**Goal of the exercise:**
Pictures appear among the records below and must be omitted. Repeat exactly the lines from the line with "Giá hoa đào" to the line with "Bungee Black - Hol-EE", both included.
START Supplied information
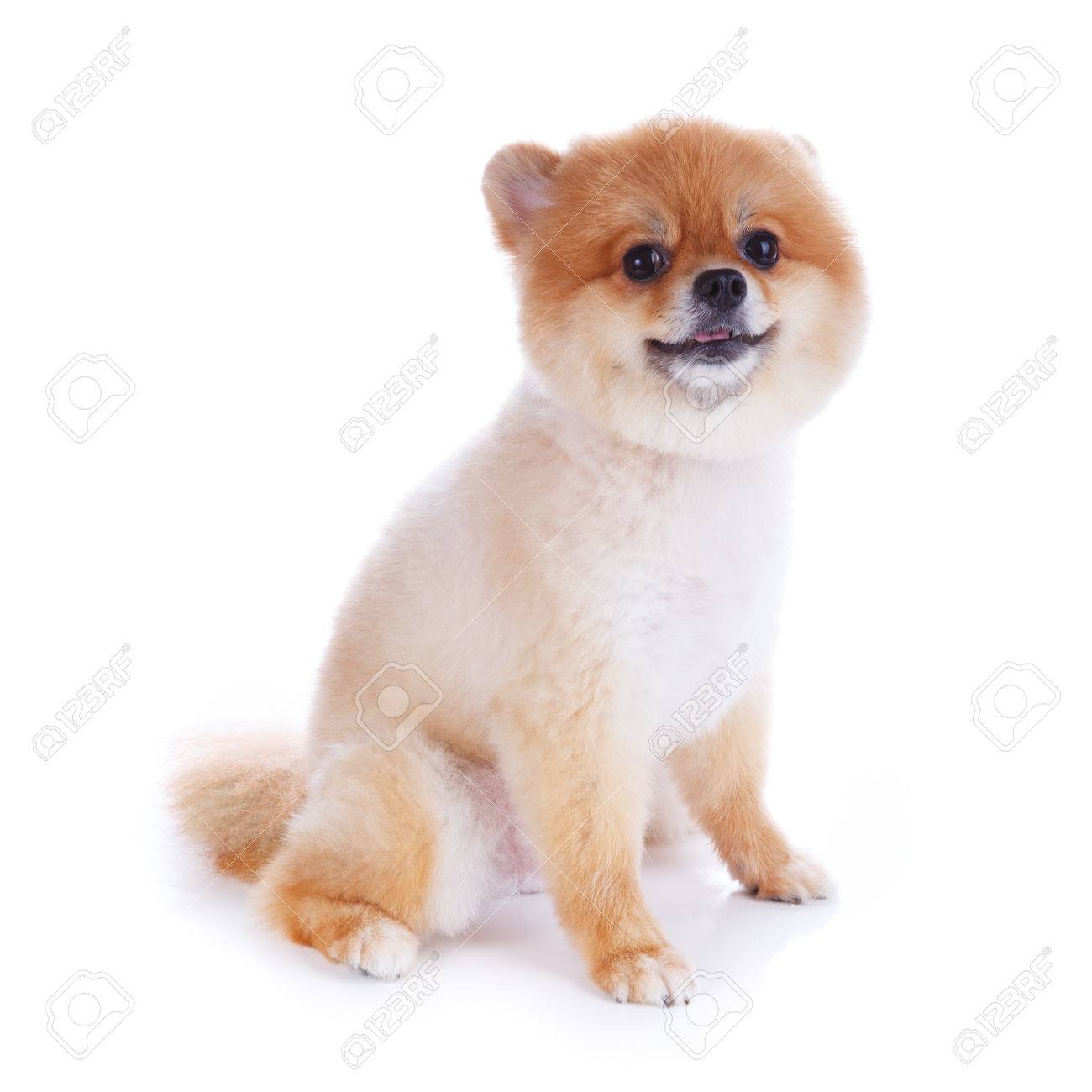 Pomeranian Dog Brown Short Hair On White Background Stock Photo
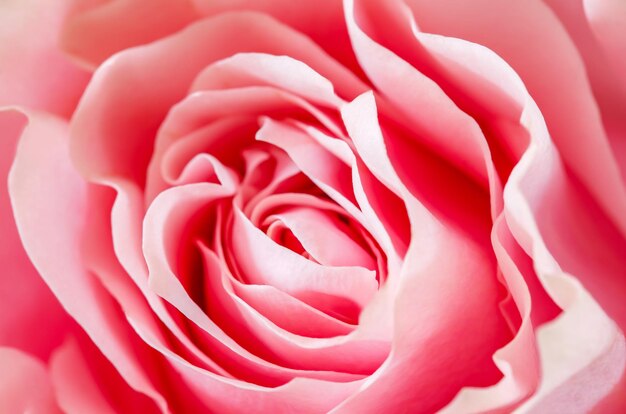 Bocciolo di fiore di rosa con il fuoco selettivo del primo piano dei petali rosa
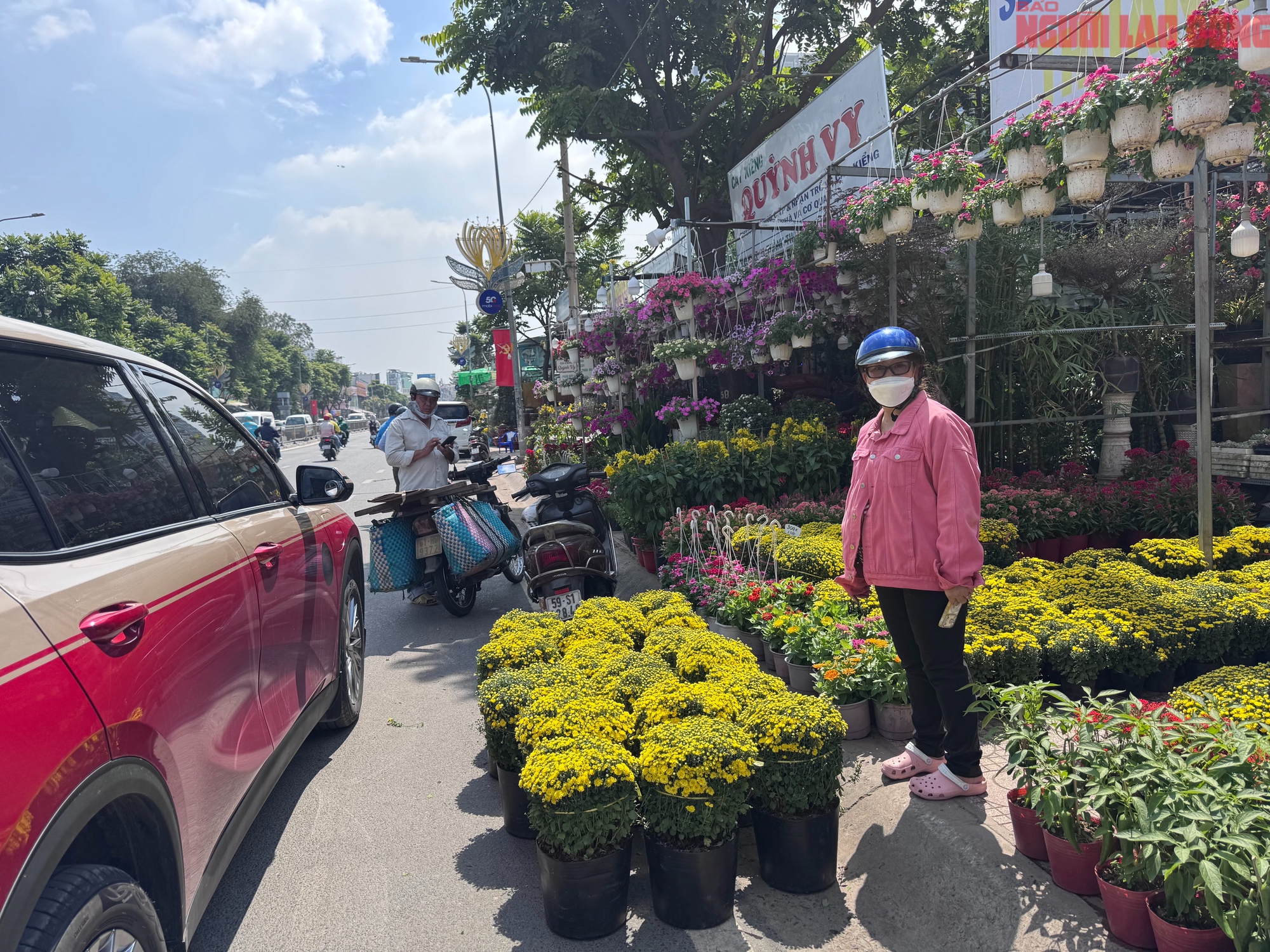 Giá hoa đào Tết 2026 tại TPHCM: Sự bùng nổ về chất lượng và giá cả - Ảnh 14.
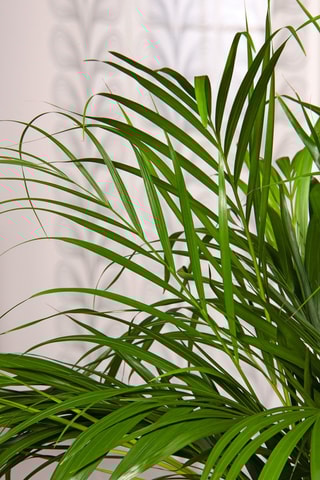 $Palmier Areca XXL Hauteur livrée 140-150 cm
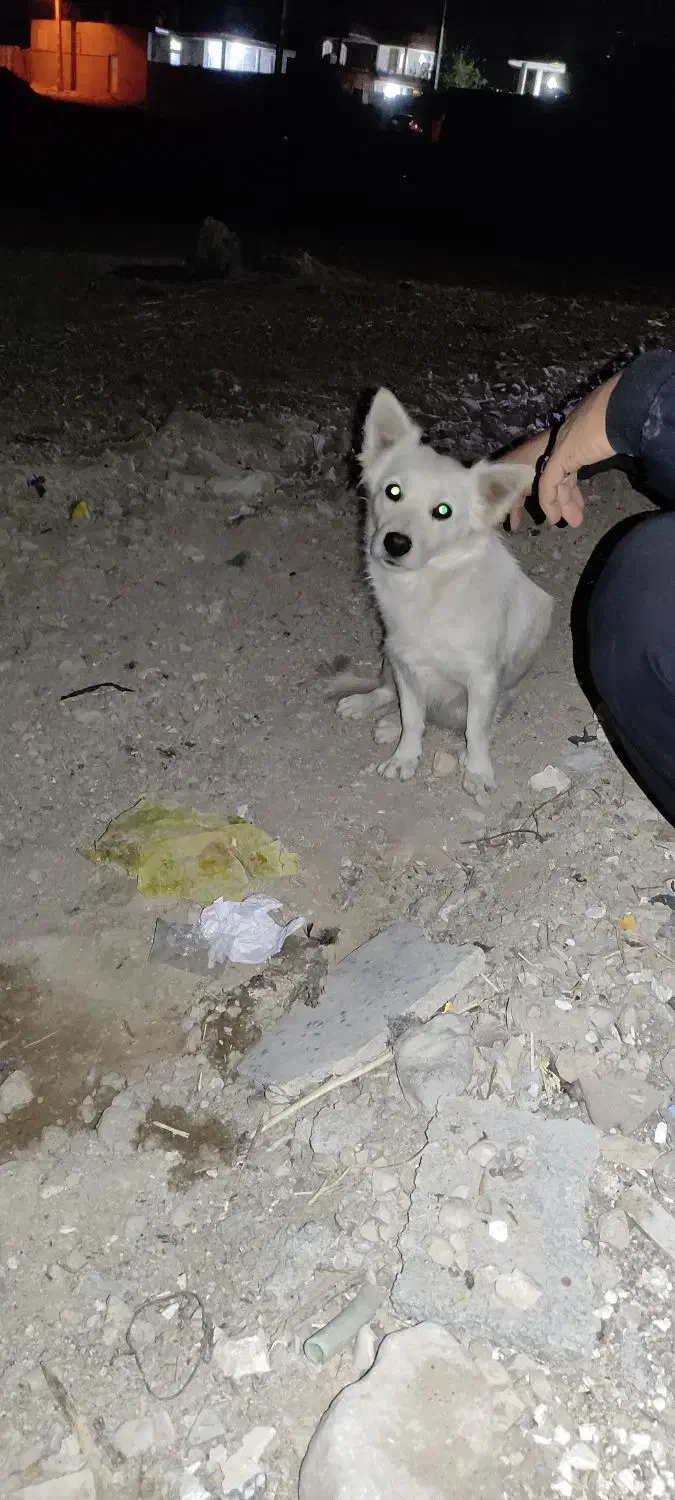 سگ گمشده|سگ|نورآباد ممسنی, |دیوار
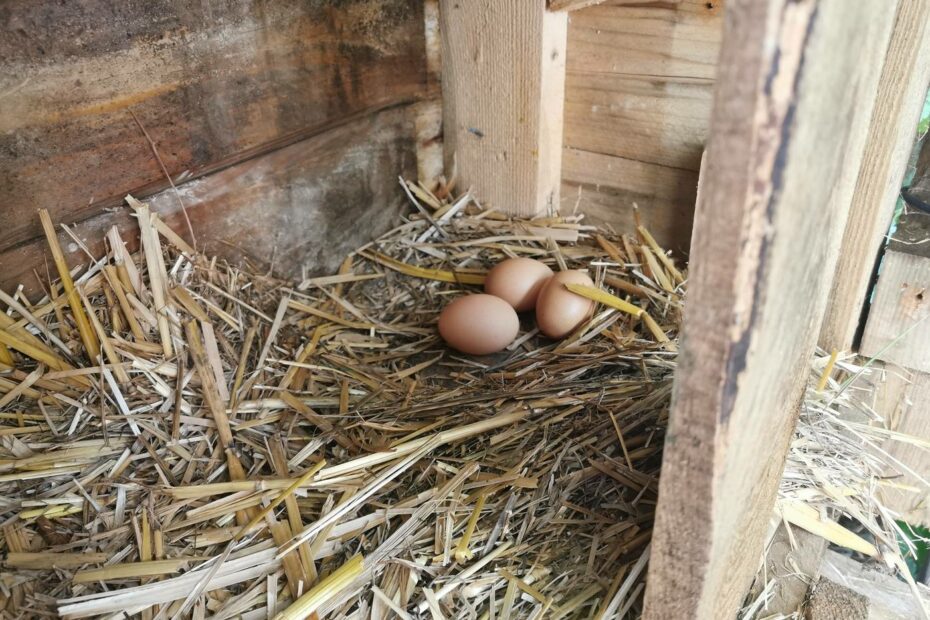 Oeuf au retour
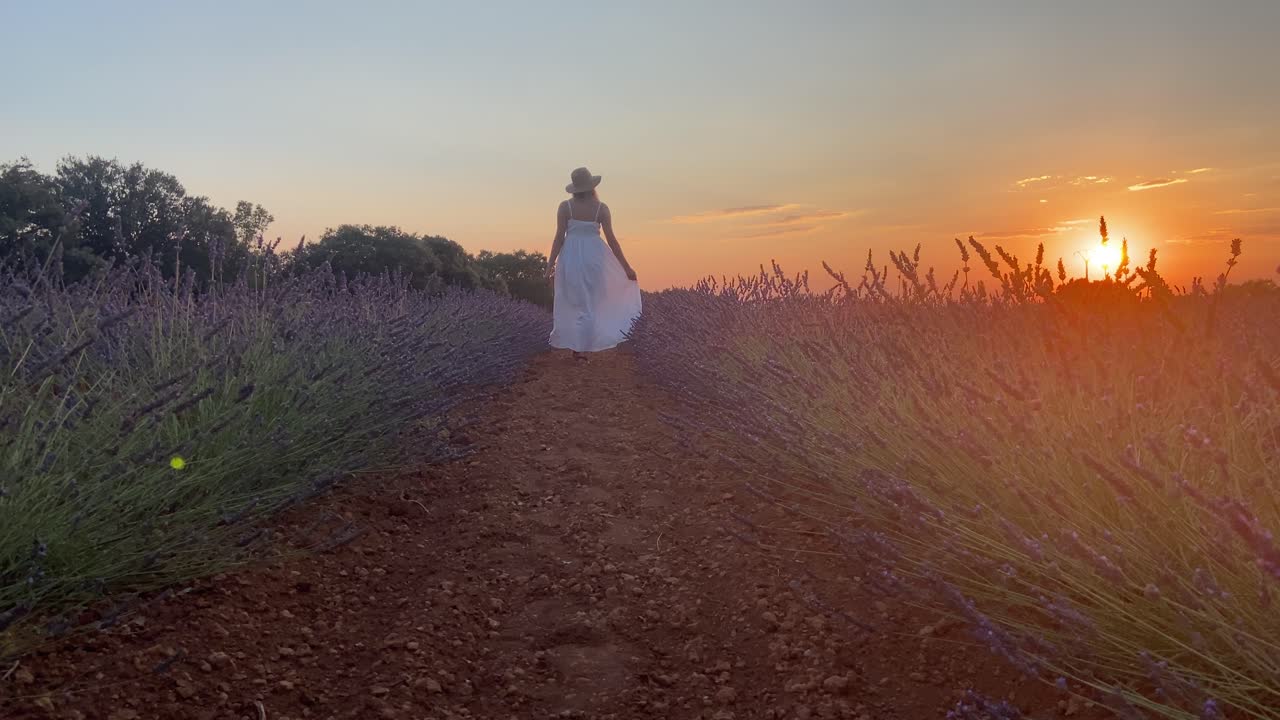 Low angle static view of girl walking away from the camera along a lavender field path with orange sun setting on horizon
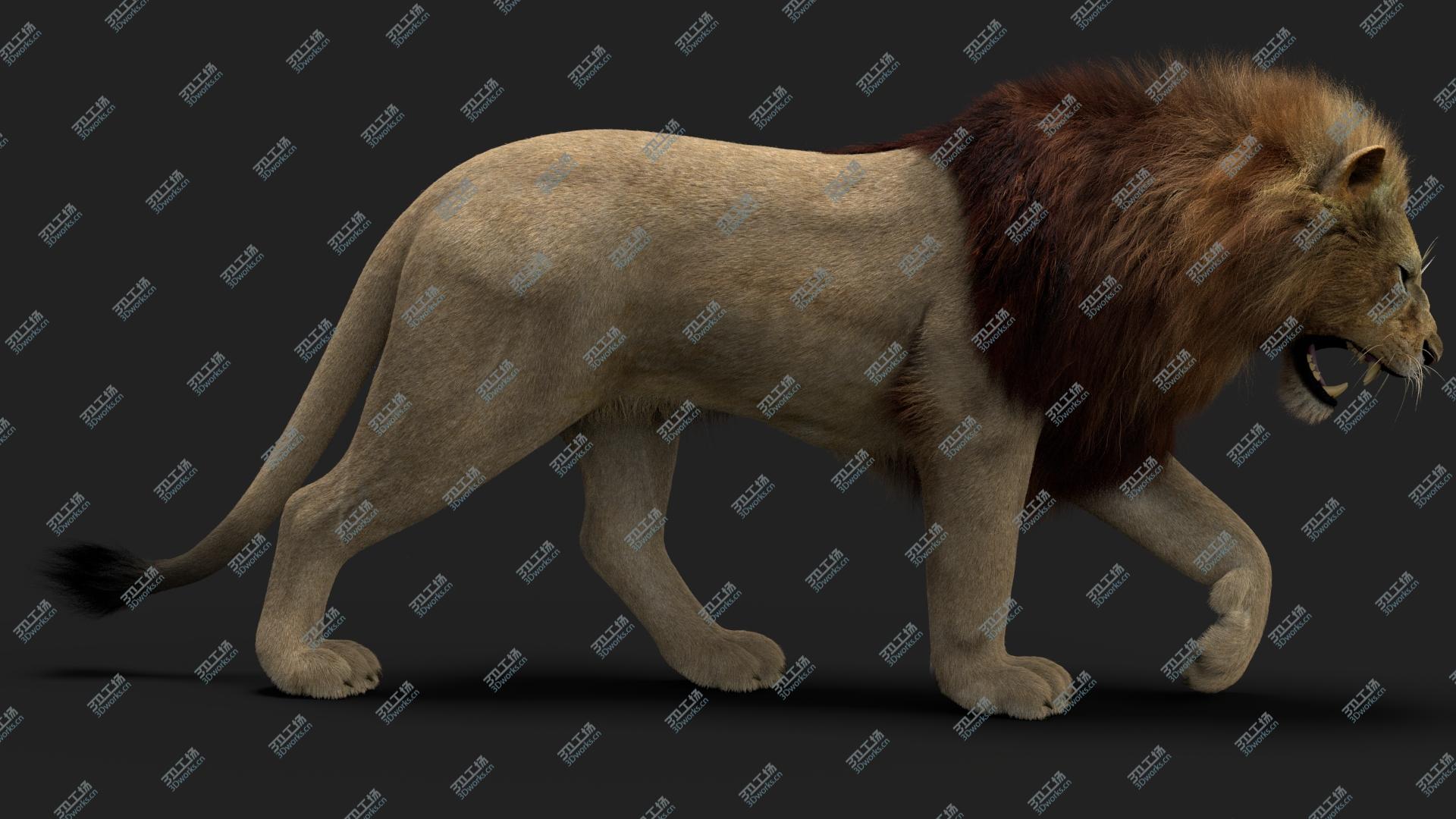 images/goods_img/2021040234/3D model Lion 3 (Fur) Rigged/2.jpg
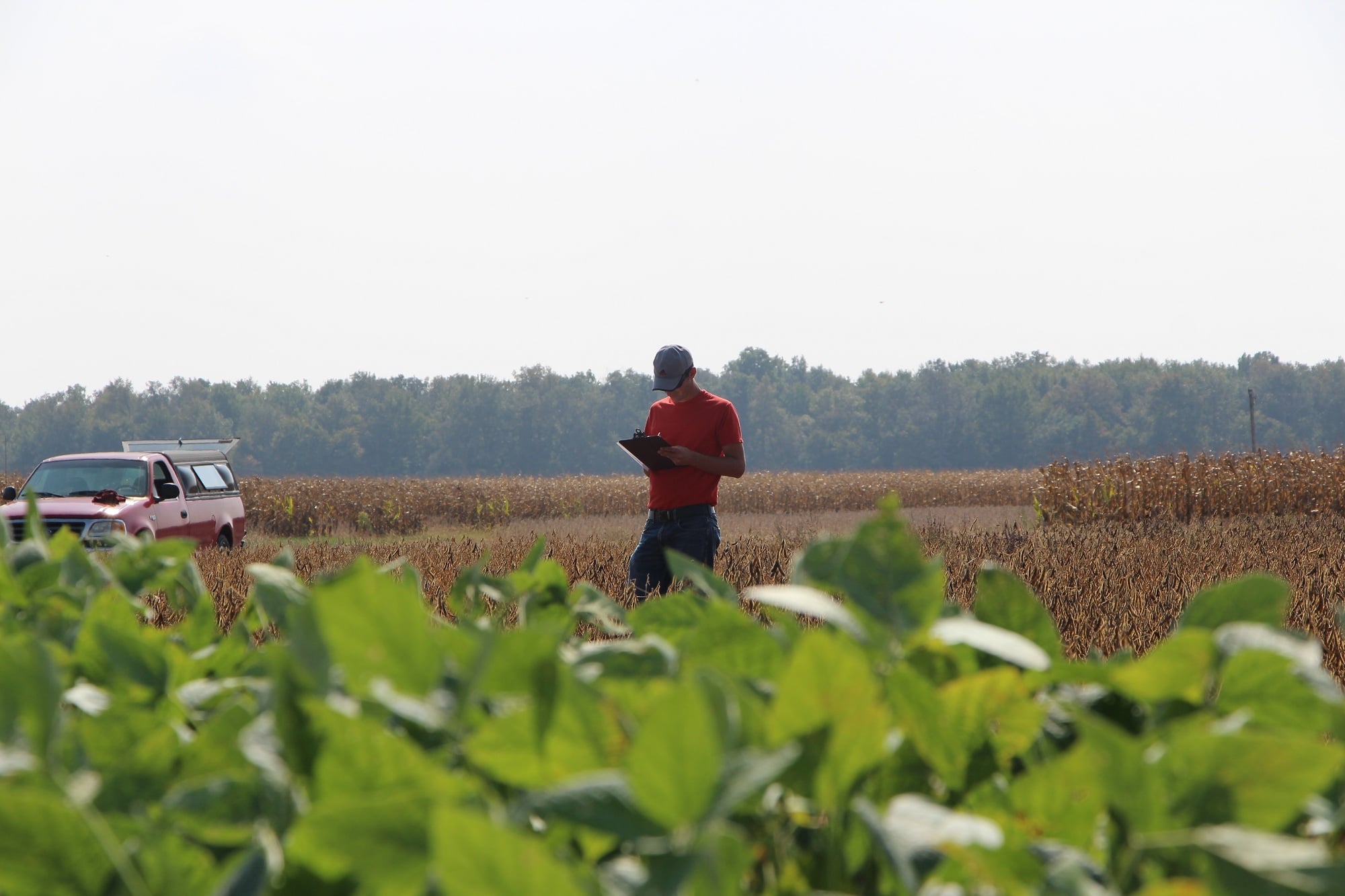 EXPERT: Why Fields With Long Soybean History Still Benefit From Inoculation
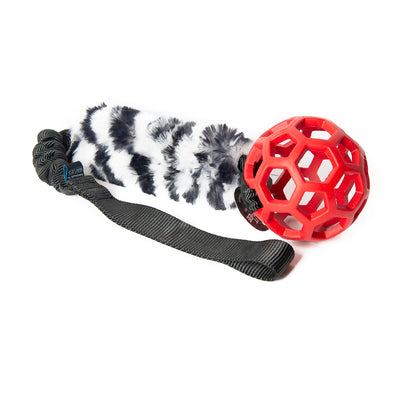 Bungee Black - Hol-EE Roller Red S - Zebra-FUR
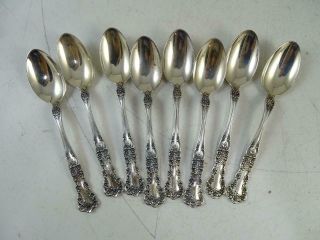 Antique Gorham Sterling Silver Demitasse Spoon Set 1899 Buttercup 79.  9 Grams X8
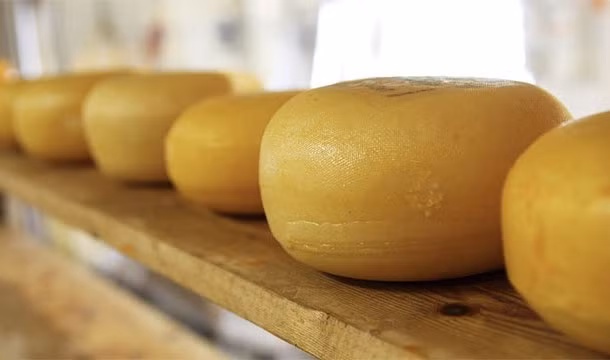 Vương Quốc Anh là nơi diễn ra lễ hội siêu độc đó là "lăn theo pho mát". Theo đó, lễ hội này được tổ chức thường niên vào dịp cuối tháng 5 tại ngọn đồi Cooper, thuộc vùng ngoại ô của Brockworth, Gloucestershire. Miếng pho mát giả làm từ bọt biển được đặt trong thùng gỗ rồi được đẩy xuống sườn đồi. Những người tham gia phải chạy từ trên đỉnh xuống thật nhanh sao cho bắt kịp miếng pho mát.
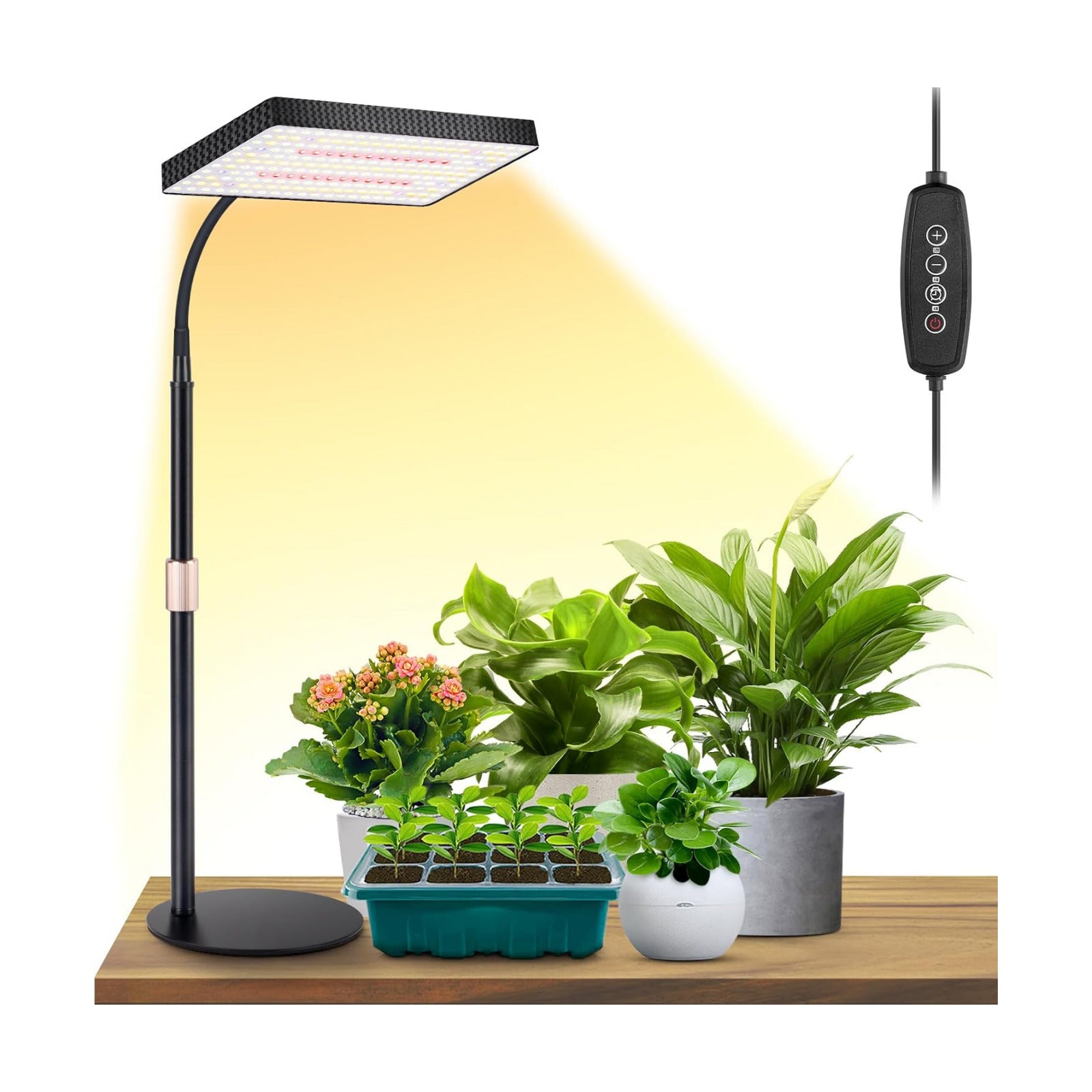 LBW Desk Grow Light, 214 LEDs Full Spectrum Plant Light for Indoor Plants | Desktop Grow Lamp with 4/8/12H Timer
END Supplied information
**Reply to the task:**
 Giá hoa đào Tết 2026 tại TPHCM: Sự bùng nổ về chất lượng và giá cả - Ảnh 14.
 $Palmier Areca XXL Hauteur livrée 140-150 cm
 سگ گمشده|سگ|نورآباد ممسنی, |دیوار
 Oeuf au retour
 Low angle static view of girl walking away from the camera along a lavender field path with orange sun setting on horizon
 images/goods_img/2021040234/3D model Lion 3 (Fur) Rigged/2.jpg
 EXPERT: Why Fields With Long Soybean History Still Benefit From Inoculation
 Bungee Black - Hol-EE Roller Red S - Zebra-FUR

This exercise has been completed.